Story of Saiunkoku Volume 5 by Sai Yukino and Kairi Yura

This continues to be one of my favorite current shoujo series because it is just so well crafted. It manages to juggle a large cast of handsome men with distinct personalities, and the main character Shurei is one of those rare shoujo girls that inspires total sympathy in the reader. The first story in this volume was hilarious as it provided a nice twist on the somewhat stale plot point of the heroine getting incapacitated by a cold and needing someone to nurse her back to health. Shurei is stuck in bed, with older adopted brother Seiran looking after her. This is necessary, because her father’s attempts at nursing involve burying her beneath over a dozen blankets, and brewing his horrific “special recipe ginger broth.” Shurei’s house soon becomes host to a parade of visitors as Ran and Koyu shows up and Seiran orders them to make something for Shurei to eat before her father destroys the kitchen. Minister Ko and Shurei’s secret uncle Reishin lurk outside and even the Emperor manages to sneak into her room to check up on her, with unfortunate results.

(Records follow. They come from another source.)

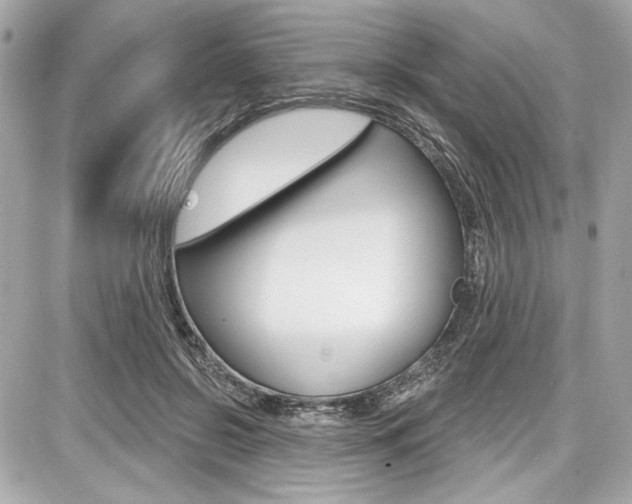 X0000087740550200705070929
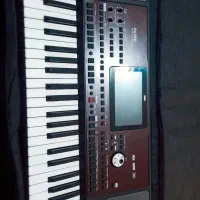 ارگ pa700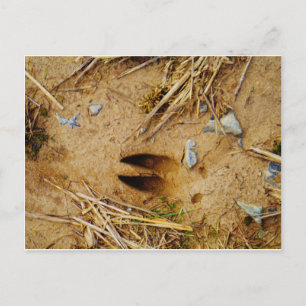 Deer Track Briefkaart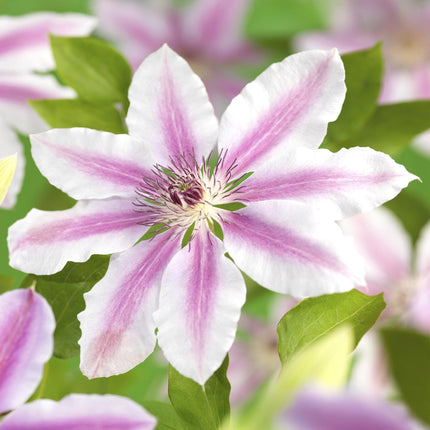 Clematis 'Nelly Moser' – Waldrebe – Rosa Blüte – ↕40 cm – Ø11 cm – 2 Stück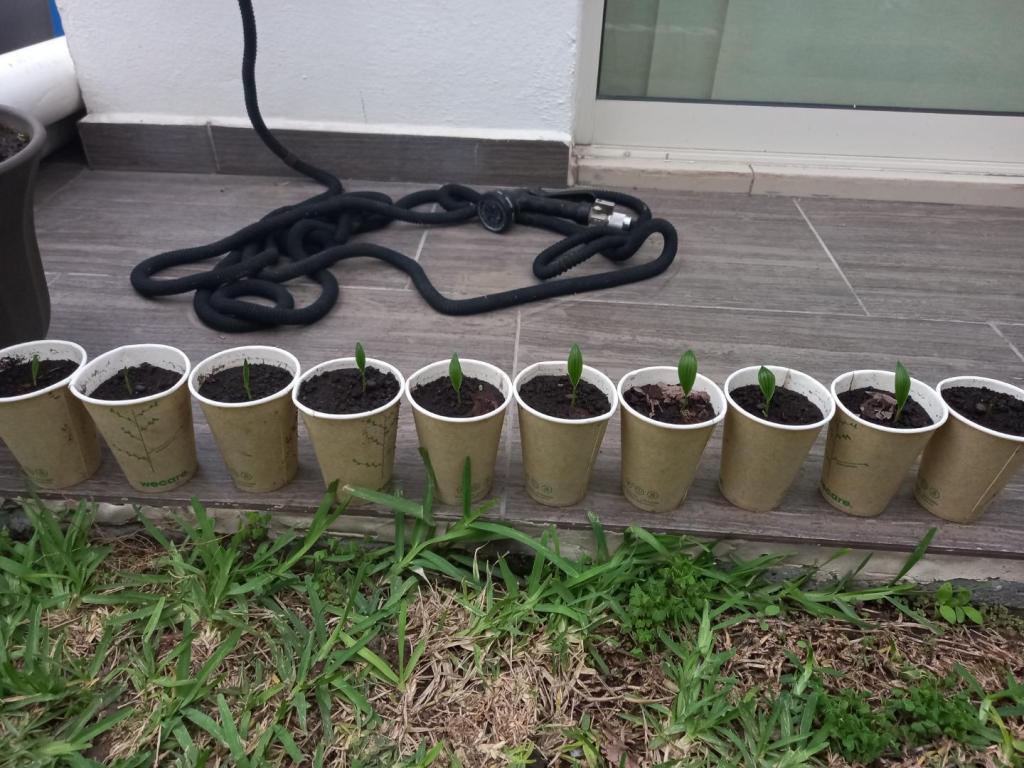 Sabal Yapa & Sabal Gretheriae Seedlings DISCUSSING PALM TREES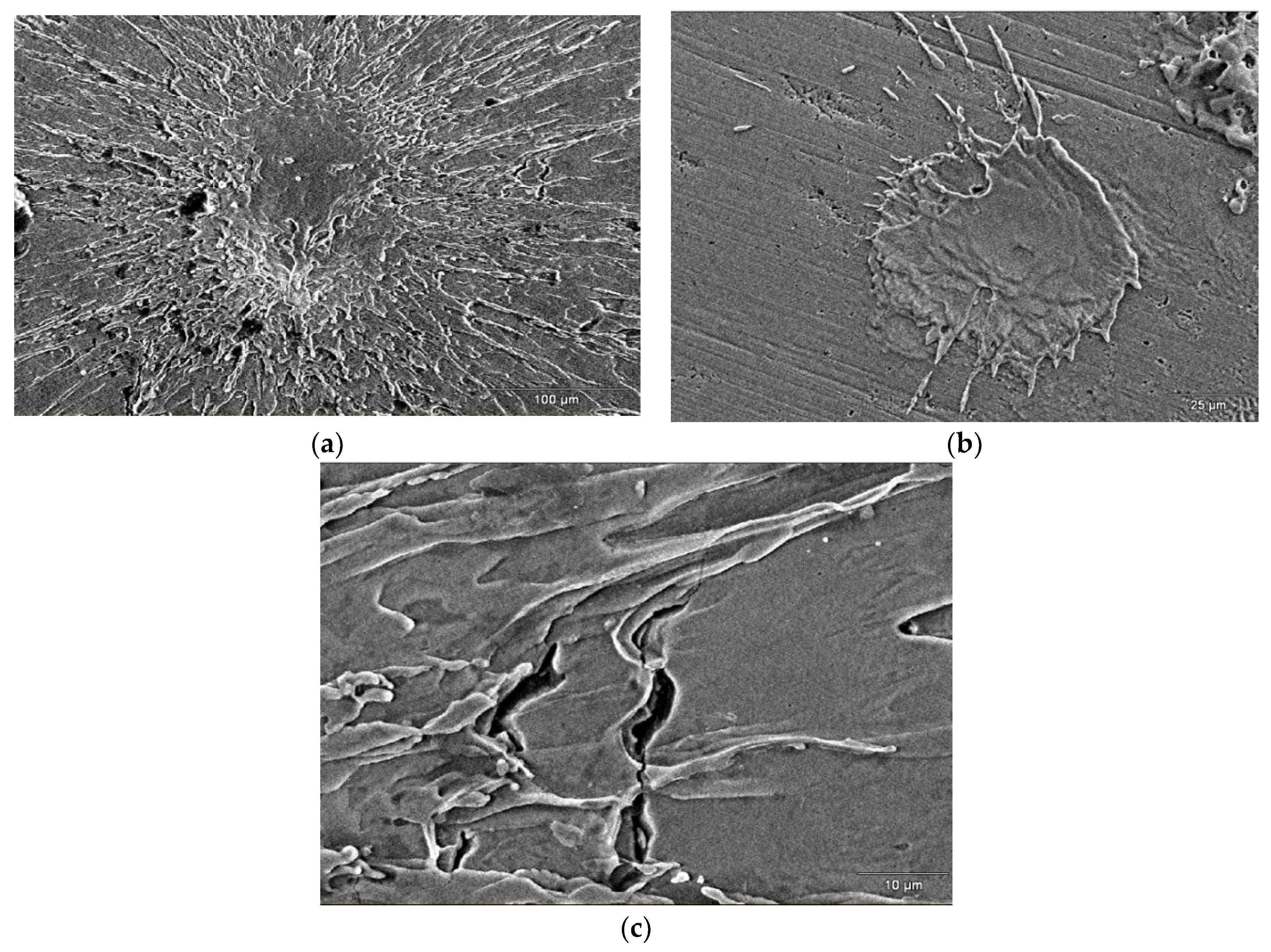 Coatings 10 00067 g005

A new cast member is introduced when a young scholar comes to town and seems to be a target for a gang. Unfortunately for the gang the boy manifests an entirely different personality when he drinks and handily bests them at gambling and fighting only to lose an important tablet in the process. He wakes up in the most notorious brothel in town, where Shurei just happens to be wrapping up a part-time job. One of the things I love about this manga is the unconventional ways the characters act. Shurei gets a job as an assistant bookkeeper in the red light district and is anxious about hiding her job from her father and Seiran. Unbeknownst to her, her father visits the madam Kocho to ask her to give Shurei the benefit of feminine advice that she’d lack because she’s growing up without a mother, and Seiran makes a similar visit as well. The madam just happens to also be one of the leaders of the criminal syndicate that rules the underworld in the city, and she’s not happy to see that young scholars in town for the civil service exams are getting targeted. The young victim Eigetsu ends up becoming friends with Shurei.

I enjoy the way humor is interlaced with character development in Story of Saiunkoku. In this volume Shurei’s ignorance of her father’s past as a government assassin is played for laughs as she’s utterly confused as to why threatening men near her suddenly fall down or why a table where a couple of misogynists are sitting collapses abruptly. There’s an element of warm humor that is present to some degree in all of the stories, and the way Shurei manages to surround herself with people who care about and support her makes Story of Saiunkoku enjoyable to read.